Securing efficient, climate-friendly cooling for all will require significant finance. While the total price tag is not yet known, the cost of inaction, as well as potential cost savings, are quite persuasive.
According to the Economist Intelligence Unit (EIU), expanding electricity capacity to meet the growing demand for cooling will cost around US$4.6 trillion over the next decade. And according to the International Labour Organization (ILO), 1.5°C of global warming by 2100 would result in the loss of 2.2% of working hours (or 80 million jobs) by 2030, at an equivalent cost of US$2.4 trillion. These figures are by no means exhaustive and they don’t even begin to factor in other costs like impacts to human health, loss of life, and impacts on food supply, but they should go some way in convincing stakeholders to act.
In terms of what we have to gain by investing in the transition to more efficient cooling, we could reduce the cost of the renewable energy build out by up to US$3.5 trillion by 2030. It could also speed up the transition to net-zero emissions by eight years.
Funding cooling efficiency is a big opportunity, with the super-efficient cooling equipment market estimated to be worth US$135 billion. The EIU estimates that the rising demand for cooling could drive market value to almost US$170bn in 2030.
Unlocking finance for clean cooling
What stands in the way of financing the transition to clean cooling? One major barrier is that there are relatively few examples of financing mechanisms that demonstrate how to support efficient, climate-friendly cooling. If we’re to mobilize the necessary finance at speed and scale, we need demonstration projects across a range of geographies that use different applications and financing mechanisms. Dissemination of lessons learned and best practices is also needed to raise awareness of funding opportunities and to mobilize capital from new investors.
Another issue is the sheer scale of the funding needed. It’s unlikely that any one stakeholder group will be able to support the transition alone. We need collaboration across philanthropy, the public sector, and the private sector to maximize potential impact. As an initiative of a philanthropic organization, we are particularly interested in the role that grantmaking can play in kick-starting the necessary finance.

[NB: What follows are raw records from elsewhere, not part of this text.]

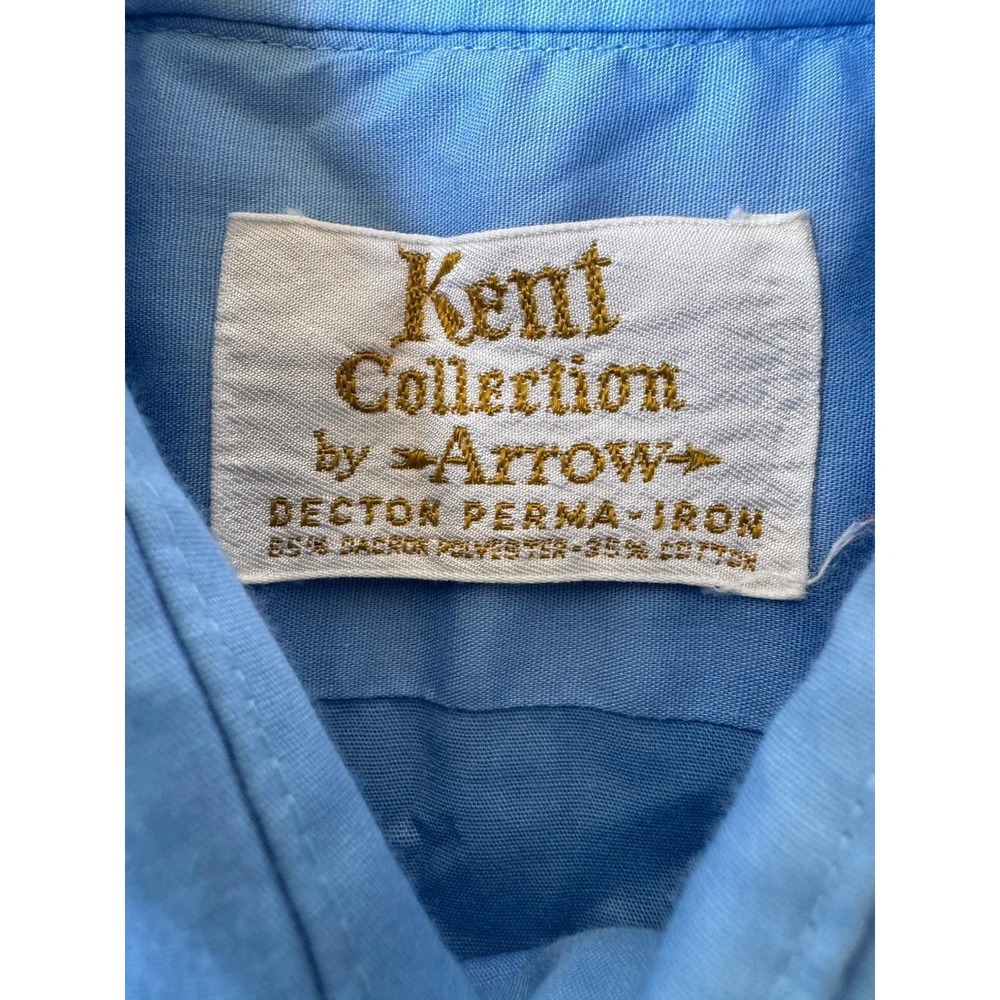 Vintage Arrow Kent Collection Shirt Mens 14.4 -32 Blue Button Up Long Sleeve 70s - Picture 9 of 12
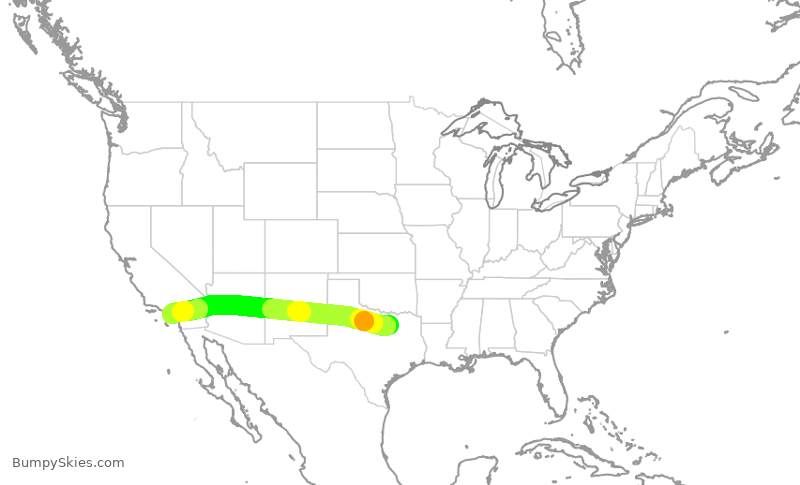 Turbulence forecast map for AAL2543, DFW to SNA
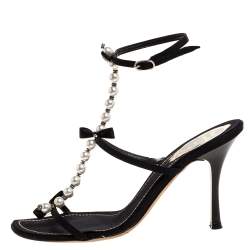 مملوكة مسبقًا Rene Caovilla Black Canvas Pearl T Strap Sandals Size 37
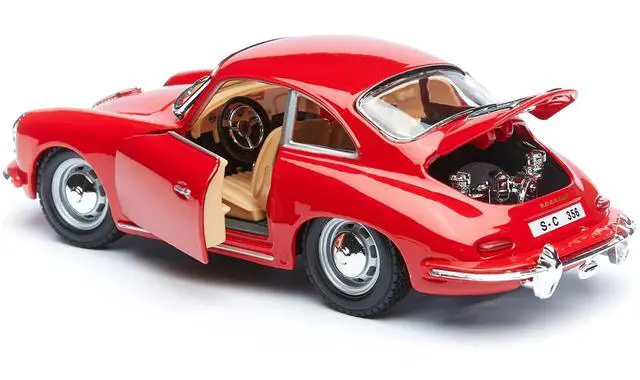 Alt view image 4 of 6 - 1961 Porsche 356 B Coupe Red 1/24 Diecast Model Car by Bburago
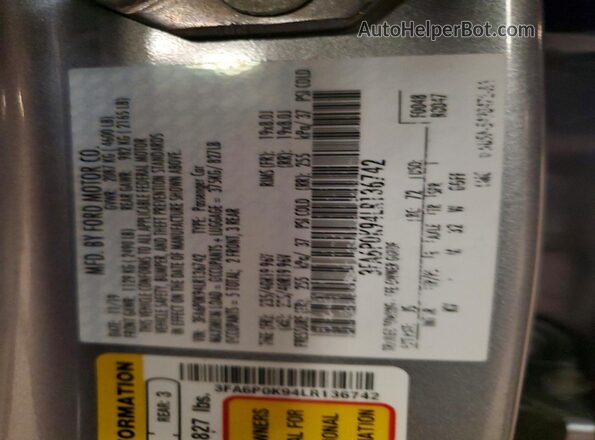 3FA6P0K94LR136742 2026 FORD FUSION Gray Vista del compartimento del motor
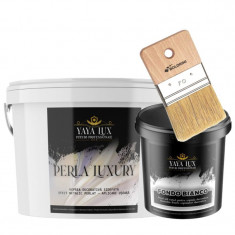 Vopsea Decorativa Perla Luxury Alb Perlat 2,5L, Fondo Bianco 1L, Pensula 70mm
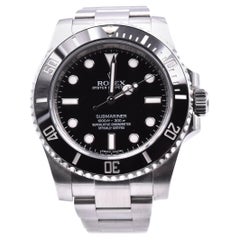Used Stainless Steel Rolex Submariner No Date Ceramic Bezel Watch Ref. 114060
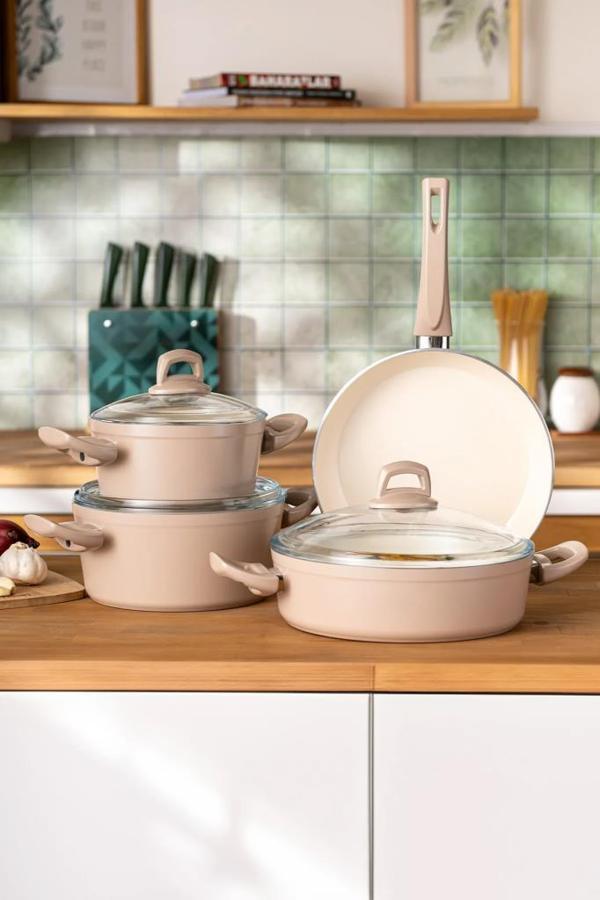 Emsan Swiss  Crystal 7 Parça Tencere Seti Rosegold - Image 1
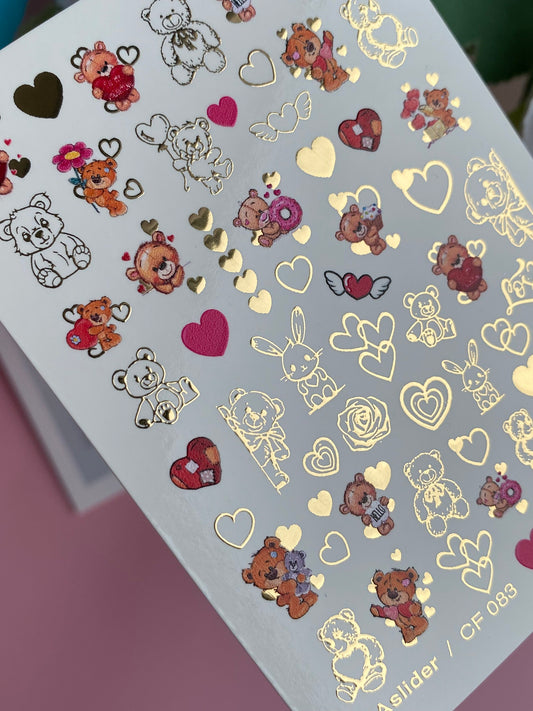 Nail Water Decal CF-083 | Cute Bears Water Slide Nail Decals | Hearts & Love Elements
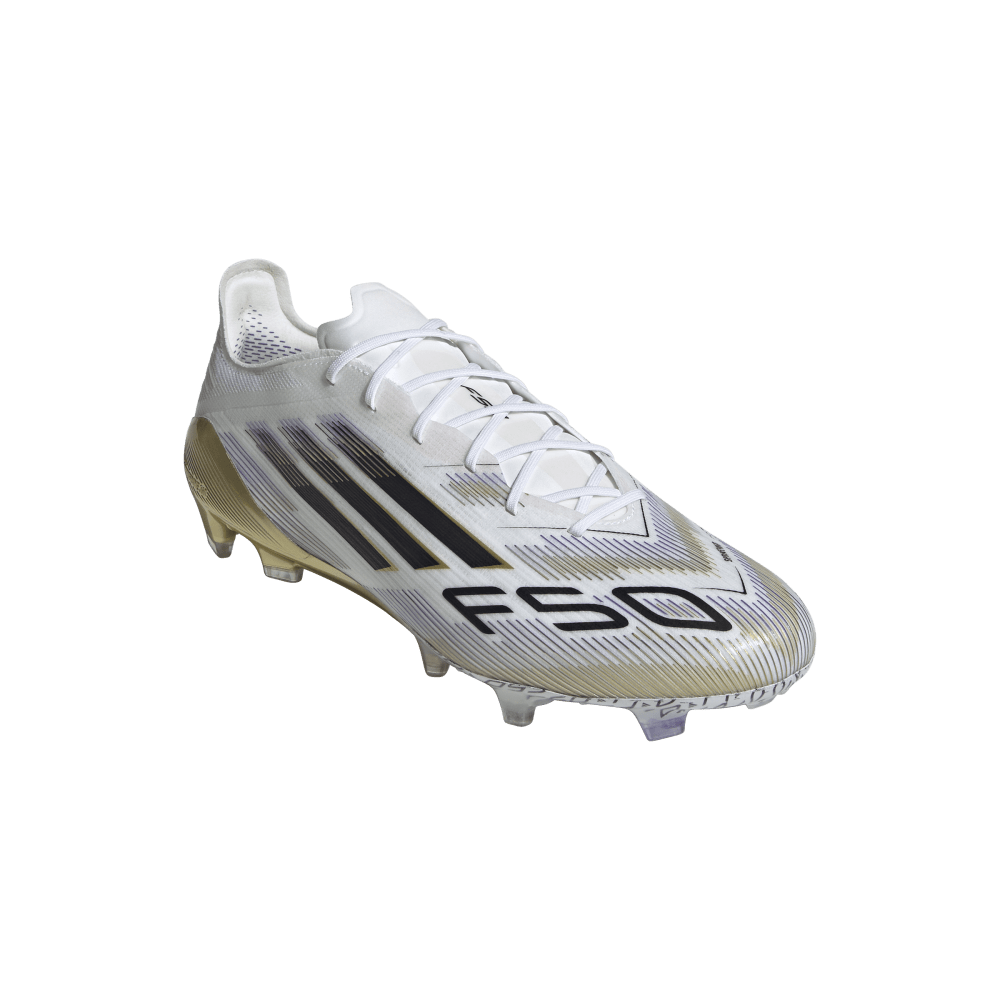 Adidas F50 Elite FG Soccer Cleats for Men - White/Black/Metallic Gold Football Shoes - Perfect for Professional Matches & Training Sessions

Since 2018, we’ve issued US$10 million in grant funding for work on cooling finance. As of 2021, we estimate that this money will mobilize an additional US$600 million for initiatives that cost-effectively steer consumers and institutions towards more efficient, climate-friendly cooling solutions.
In addition to the six grants that fall under our finance program, we’ve supported multiple grantees under other programs to prepare projects for finance. We’ve partnered with a range of capital providers to pilot innovative approaches to unlock finance for efficient, climate-friendly cooling across different geographies. Our projects have focused on a broad range of applications, including air conditioning and refrigeration across residential, commercial, industrial, and transport sectors, as well as supporting integrated and passive solutions like cold chains and cool roofs. We’ve provided targeted technical assistance grants to mobilize the capital needed to integrate energy efficiency improvements with the transition to low global warming potential (GWP) refrigerants.
Projects have included:
- Supporting innovative consumer financing initiatives to help consumers overcome the higher upfront cost of energy-efficient cooling appliances. We partnered with the United Nations Environment Programme (UNEP) and the Basel Agency for Sustainable Energy (BASE) to develop on-bill and on-wage financing initiative through which customers can purchase an efficient, climate-friendly air conditioner and/or refrigerator1 with finance from a commercial bank. Customers then make repayments via their utility bill or salary deduction. See ECOFRIDGES and R-COOL for more information.
- Promoting green public procurement to help national and local authorities reduce the climate impact of their cooling systems while also stimulating the adoption of clean technologies and providing manufacturers with market certainty. We partnered with GIZ (Germany’s development agency) to develop a public procurement program in Bangladesh and UNEP for a district cooling project in Egypt.
- Catalyzing bank finance to fund clean cooling projects. For example, development banks providing finance to governments for public programs like cold chain development or passive cooling projects, or commercial banks offering finance to private entities like manufacturers to fund production of efficient appliances or developers to fund clean cooling projects.
- Supporting innovative business models like cooling-as-a-service (CaaS) where consumers pay for cooling on a per-unit basis rather than investing in the cooling equipment. The service provider owns, maintains, and covers all operational costs of the cooling system. Through this model, the service provider is incentivized to use the most efficient equipment. Energy Service Companies (ESCOs) provide a similar service with different contractual models that apportion costs between user and provider.
Our finance program has been a lab for action at scale and this work is proof that finance can influence institutions, build on policies and standards, develop supply chains, and raise awareness. We’ve catalyzed action and assisted in the implementation of projects that will result in additional on-the-ground investment in clean cooling, demonstrating how philanthropy can mobilize finance at scale.
It’s undeniable that global cooling demand is high and that it’s on the rise. It’s also undeniable that we need to find ways to ensure demand is met with minimal impact to our climate. The above examples demonstrate the viability of different approaches to financing the provision of clean cooling solutions.
So, where next for the Clean Cooling Collaborative? Armed with this success and experience, we’re exploring how to replicate these approaches in different geographies. We’re also looking at how we can integrate finance more holistically across all of our work so that we can build on our strong foundations and amplify philanthropy’s impact.